To do
Look below for the line that contains "كبوت جينسس 2015-2019", and write out exactly that line and all remaining lines of the listing, omitting pictures.

Given data
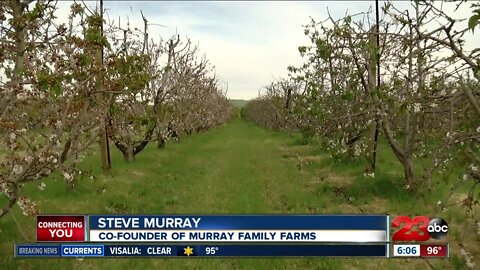 Murray Family Farms during Pandemic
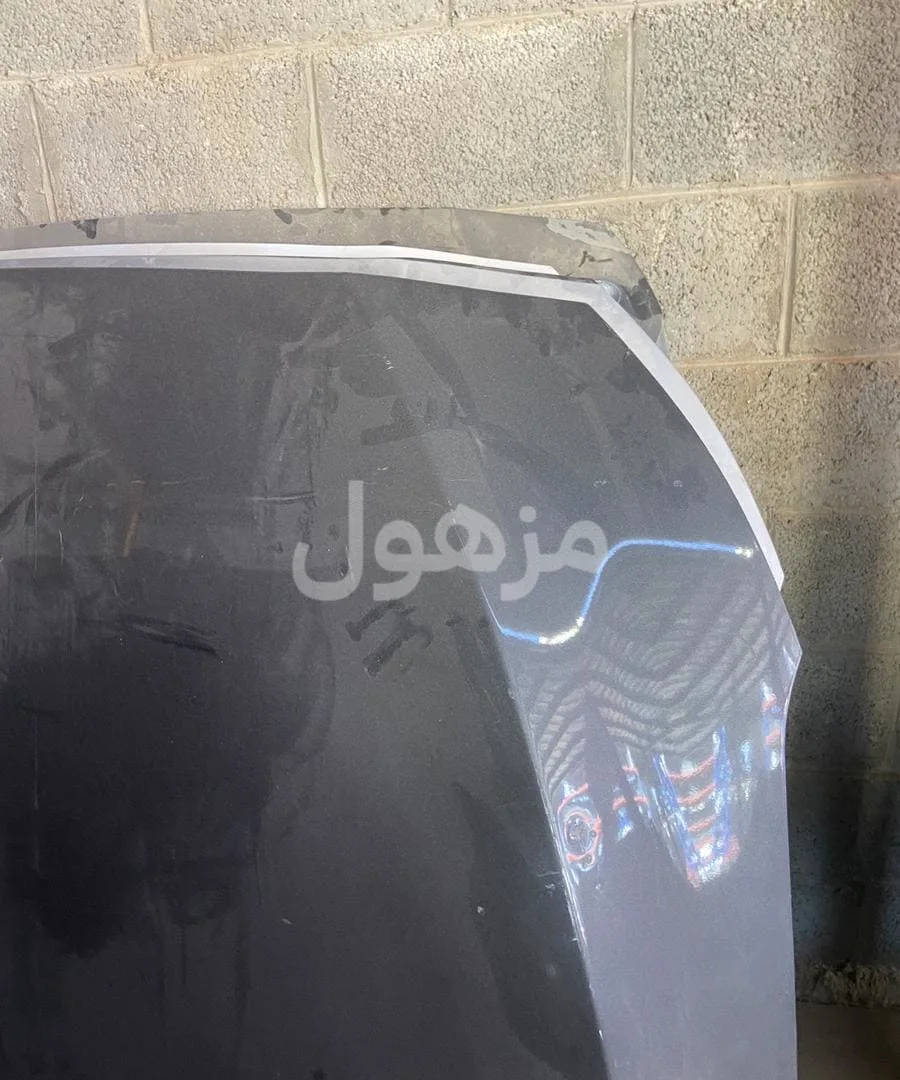 كبوت جينسس 2015-2019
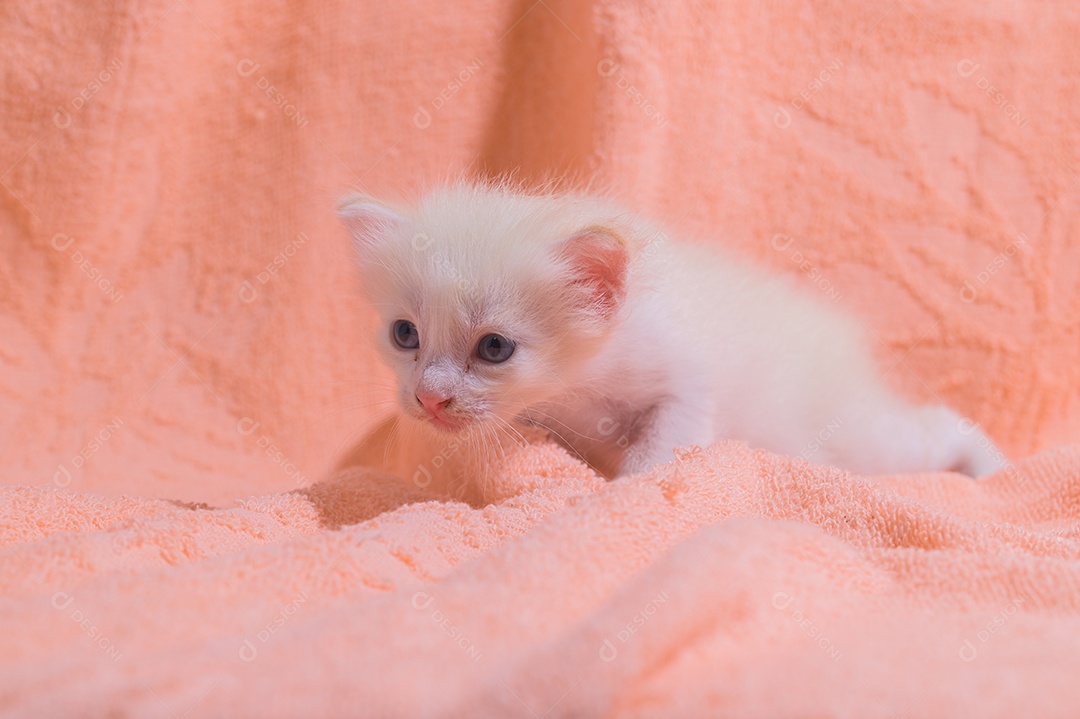 Um gatinho fofo em uma pilha de panos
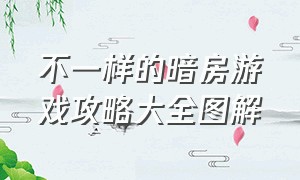 不一样的暗房游戏攻略大全图解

Result of the exercise
 كبوت جينسس 2015-2019
 Um gatinho fofo em uma pilha de panos
 不一样的暗房游戏攻略大全图解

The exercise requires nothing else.